António Ferra retoma neste seu «periferias da luz» os recentes «Já próximo dos Anjos» e «Bluff» num caminho de narrativa em prosa poética. Há na página 63, no capítulo «Luzes periféricas», um verso de Luís de Camões citado em itálico («que para mim bastava amor somente») que pode ser lido como a «chave» deste conjunto de doze sequências poéticas. Esta forma lembra muito Vitorino Nemésio quando lamentava a sorrir «Já não se faz poesia descritiva e é pena». De facto esta poesia de António Ferra «descreve» um mal social não só na paisagem como no povoamento. Temos, por exemplo, o «cheiro a urina», temos um «contentor sem tampa» e um «cartaz de junta de freguesia com instruções de sobrevivência». Mas temos também o lado humano quando um vagabundo a quem deram bons conselhos adverte e reage: «Puta que pariu o Arménio, sabujo de merda, / chulo de gel e sapato bicudo, sabe lá o que é a vida.» Conclusão provisória: temos uma vida breve e uma morte inevitável, só o Amor nos pode resgatar o peso do absurdo.
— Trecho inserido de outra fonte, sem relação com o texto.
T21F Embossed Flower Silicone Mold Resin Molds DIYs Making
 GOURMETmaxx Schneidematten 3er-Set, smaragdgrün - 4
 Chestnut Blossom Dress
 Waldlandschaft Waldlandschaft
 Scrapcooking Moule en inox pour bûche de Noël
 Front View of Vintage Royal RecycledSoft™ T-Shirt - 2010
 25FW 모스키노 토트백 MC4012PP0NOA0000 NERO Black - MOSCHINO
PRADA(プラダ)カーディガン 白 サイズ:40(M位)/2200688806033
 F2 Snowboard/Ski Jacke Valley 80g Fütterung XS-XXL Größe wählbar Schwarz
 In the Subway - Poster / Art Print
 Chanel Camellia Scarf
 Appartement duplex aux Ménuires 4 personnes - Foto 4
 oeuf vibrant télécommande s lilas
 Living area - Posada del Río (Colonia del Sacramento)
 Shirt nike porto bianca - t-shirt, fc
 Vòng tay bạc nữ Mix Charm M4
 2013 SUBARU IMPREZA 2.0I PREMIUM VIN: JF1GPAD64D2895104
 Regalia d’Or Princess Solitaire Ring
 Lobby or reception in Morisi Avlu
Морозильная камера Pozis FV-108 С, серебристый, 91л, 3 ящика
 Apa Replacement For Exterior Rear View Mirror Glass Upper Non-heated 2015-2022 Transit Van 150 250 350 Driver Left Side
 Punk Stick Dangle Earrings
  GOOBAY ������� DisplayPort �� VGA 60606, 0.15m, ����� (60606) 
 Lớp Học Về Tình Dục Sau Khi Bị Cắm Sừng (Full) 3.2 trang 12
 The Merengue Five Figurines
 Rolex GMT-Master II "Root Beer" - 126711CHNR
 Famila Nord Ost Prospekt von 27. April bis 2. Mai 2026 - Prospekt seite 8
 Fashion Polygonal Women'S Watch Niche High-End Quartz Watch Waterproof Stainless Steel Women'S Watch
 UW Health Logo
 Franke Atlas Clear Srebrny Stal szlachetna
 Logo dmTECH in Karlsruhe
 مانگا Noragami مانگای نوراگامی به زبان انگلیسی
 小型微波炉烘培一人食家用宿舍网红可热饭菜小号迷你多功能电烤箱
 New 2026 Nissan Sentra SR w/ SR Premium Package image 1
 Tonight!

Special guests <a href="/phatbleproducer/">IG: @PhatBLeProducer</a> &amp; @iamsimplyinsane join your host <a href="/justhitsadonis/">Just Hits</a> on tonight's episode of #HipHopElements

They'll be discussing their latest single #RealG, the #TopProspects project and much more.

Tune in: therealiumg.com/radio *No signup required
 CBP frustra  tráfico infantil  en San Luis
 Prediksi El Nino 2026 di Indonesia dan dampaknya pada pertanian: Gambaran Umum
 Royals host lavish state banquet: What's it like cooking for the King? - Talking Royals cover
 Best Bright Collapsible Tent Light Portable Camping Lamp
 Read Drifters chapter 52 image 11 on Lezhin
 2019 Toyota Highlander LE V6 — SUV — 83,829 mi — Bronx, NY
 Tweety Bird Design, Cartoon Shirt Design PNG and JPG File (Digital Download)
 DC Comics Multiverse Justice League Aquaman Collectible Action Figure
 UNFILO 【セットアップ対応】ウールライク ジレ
O ponto de partida do livro é uma viagem: «deixo-me conduzir pelo carro entre ruas repetidas, / portas fechadas no silêncio da uma da manhã, / as cadeiras de um café, empilhadas, presas por uma / corrente igual à que me prende neste bairro / fora de horas.»
Mas este bairro é um lugar de abandono: «Deixaram-me aqui ou fui eu que os deixei? / Para onde foram, para o estrangeiro, emigraram, cortaram-lhes os telefones, as orelhas, os tomates, numa rixa de café? (…) Para onde foram todos?» Ao mesmo tempo também é um espaço de pensar «o sentido da vida e as recordações da infância» e para concluir «O gato parece dizer-me que ainda sou o poeta das noites suburbanas até à manhã seguinte.»
Tudo afinal se pode resumir a uma palavra – crueldade: «A crueldade começa e não se sabe onde vai parar, /uma pessoa pode ser ainda mais cruel do que é, / arreia-se num chavalo sem saber porquê / e depois dá-se-lhe mais porrada e ele continua a sangrar, / o pessoal não sabe onde parar /isso é que é crueldade.» (Editora: Eufeme /Capa: Sérgio Ninguém, Revisão: Jorge M. Telhas)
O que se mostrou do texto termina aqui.